I also want to get the WAL to checkpoint as often as possible.

min_wal_size = 32MB # minimum WAL size after checkpointing; I want to checkpoint as much as possible
max_wal_size = 32MB # max WAL size, after which a checkpoint will happen. Unfortunately, I have to set both at 32MB minimum to match 2 WAL segments
checkpoint_timeout = 30 # max time between checkpoints in seconds; 30s is the minimum
checkpoint_flush_after = 1 # flush writes to disk after every 8kB

And, of course, I still need to maximize the WAL’s writes.

wal_sync_method = open_datasync # the method of flushing to disk; this should be the slowest
wal_level = logical # makes the WAL output additional information for replication. The extra info isn't needed, but it hurts performance
wal_log_hints = on # forces the WAL to write out full modified pages
summarize_wal = on # another extra process for backups
track_wal_io_timing = on # more information collected
checkpoint_completion_target = 0 # prevents spreading the I/O load at all

Postgres is now processing transactions at a rate in the double digits, at less than 1/70th of its original rate. Just like with autovacuum, I can confirm that this is due to WAL inefficiency by taking a look at the logs:

2025-07-20 12:33:17.211 EDT [68697] LOG:  checkpoint complete: wrote 19 buffers (7.4%), wrote 2 SLRU buffers; 0 WAL file(s) added, 3 removed, 0 recycled; write=0.094 s, sync=0.042 s, total=0.207 s; sync files=57, longest=0.004 s, average=0.001 s; distance=31268 kB, estimate=31268 kB; lsn=1B7/3CDC1B80, redo lsn=1B7/3C11CD48
2025-07-20 12:33:17.458 EDT [68697] LOG:  checkpoints are occurring too frequently (0 seconds apart)
2025-07-20 12:33:17.458 EDT [68697] HINT:  Consider increasing the configuration parameter "max_wal_size".
2025-07-20 12:33:17.494 EDT [68697] LOG:  checkpoint starting: wal
2025-07-20 12:33:17.738 EDT [68697] LOG:  checkpoint complete: wrote 18 buffers (7.0%), wrote 1 SLRU buffers; 0 WAL file(s) added, 2 removed, 0 recycled; write=0.089 s, sync=0.047 s, total=0.280 s; sync files=50, longest=0.009 s, average=0.001 s; distance=34287 kB, estimate=34287 kB; lsn=1B7/3F1F7B18, redo lsn=1B7/3E298BA0
2025-07-20 12:33:17.923 EDT [68697] LOG:  checkpoints are occurring too frequently (0 seconds apart)
2025-07-20 12:33:17.923 EDT [68697] HINT:  Consider increasing the configuration parameter "max_wal_size".
2025-07-20 12:33:17.971 EDT [68697] LOG:  checkpoint starting: wal

Yeah, normally WAL checkpoints should not be happening (checks notes 487 milliseconds apart). But I am still not done.
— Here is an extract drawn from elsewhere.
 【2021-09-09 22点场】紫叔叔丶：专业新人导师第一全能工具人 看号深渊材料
Essentially Deleting Indexes

Remember in the intro, when I said we couldn’t mess with the indexes? Well, we don’t really need to. Postgres considers random access of pages from disk differently from sequential access when calculating query plans, because randomly accessed pages are typically slower to load on hard drives. Querying a table with an index typically requires accessing pages randomly, whereas a table scan usually involves sequential access, meaning that adjusting the relative costs of random pages should enable us to prevent the use of any indexes.

random_page_cost = 1e300 # sets the cost of accessing a random page
cpu_index_tuple_cost = 1e300 # sets the cost of processing one tuple from an index

Those are the only two parameters I need to change to disable indexes in almost all cases. I ended up having to increase the shared_buffers value back up to 8MB to prevent errors with table scans, but it evidently didn’t help much performance-wise.
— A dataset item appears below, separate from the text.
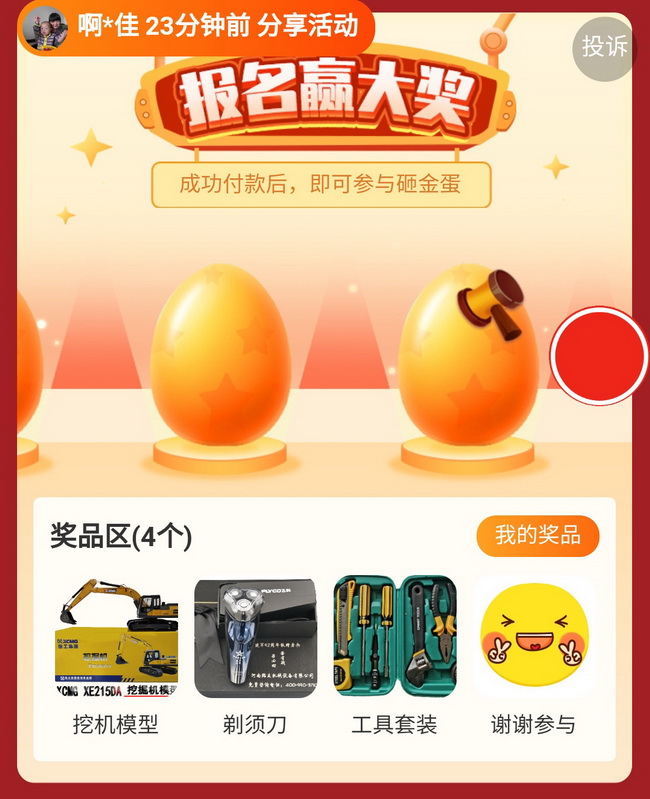购OD官方网站原厂配件抽大奖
Postgres is now under one transaction per second, more than 7,000x slower than the default tuning, all without changing anything outside of postgresql.conf. However, I still have one last trick up my sleeve.

Forcing I/O Into One Thread

I cannot make Postgres single-threaded, because each of the 100 connections has its own process. However, with new options in Postgres 18, I can still make I/O single-threaded. Postgres 18 introduces a new knob, io_method, which controls whether threads synchronously issue I/O syscalls (io_method = sync), asynchronously ask worker threads to issue syscalls (io_method = worker), or use the new io_uring Linux API (io_method = io_uring). In combination with io_workers, which establishes the max number of worker threads when using io_method=worker, I can force all I/O into one worker thread.

io_method = worker
io_workers = 1

Well, Postgres is now well below even 0.1 TPS: more than 42,000 times slower than what we started with. If you exclude the transactions that didn’t finish due to deadlocks, the story gets even worse (better?): across 100 connections and 120 seconds, only 11 transactions successfully completed.

Final Thoughts

Well, a few hours and 32 knobs later, I have successfully killed a Postgres database. Who would’ve thought you could do that much damage to Postgres performance just by messing with postgresql.conf? I figured I could get down to the single-digit TPS, but I didn’t think Postgres would let me do this much. If you want to try to reproduce this yourself, here are the knobs changed from default:

shared_buffers = 8MB
autovacuum_vacuum_insert_threshold = 1
autovacuum_vacuum_threshold = 0
autovacuum_vacuum_scale_factor = 0
autovacuum_vacuum_max_threshold = 1
autovacuum_naptime = 1
vacuum_cost_limit = 10000
vacuum_cost_page_dirty = 0
vacuum_cost_page_hit = 0
vacuum_cost_page_miss = 0
autovacuum_analyze_threshold = 0
autovacuum_analyze_scale_factor = 0
maintenance_work_mem = 128kB
log_autovacuum_min_duration = 0
logging_collector = on
log_destination = stderr,jsonlog
wal_writer_flush_after = 0
wal_writer_delay = 1
min_wal_size = 32MB
max_wal_size = 32MB
checkpoint_timeout = 30
checkpoint_flush_after = 1
wal_sync_method = open_datasync
wal_level = logical
wal_log_hints = on
summarize_wal = on
track_wal_io_timing = on
checkpoint_completion_target = 0
random_page_cost = 1e300
cpu_index_tuple_cost = 1e300
io_method = worker
io_workers = 1

You can benchmark the configuration by installing BenchBase Postgres and using the example TPC-C configuration with a length of 120 seconds, warmup of 120 seconds, 128 warehouses, and 100 connections with a max throughput of 50k TPS. You could also attempt to further worsen performance. I focused on the knobs that I thought would impact Postgres performance the most, and left most knobs untested.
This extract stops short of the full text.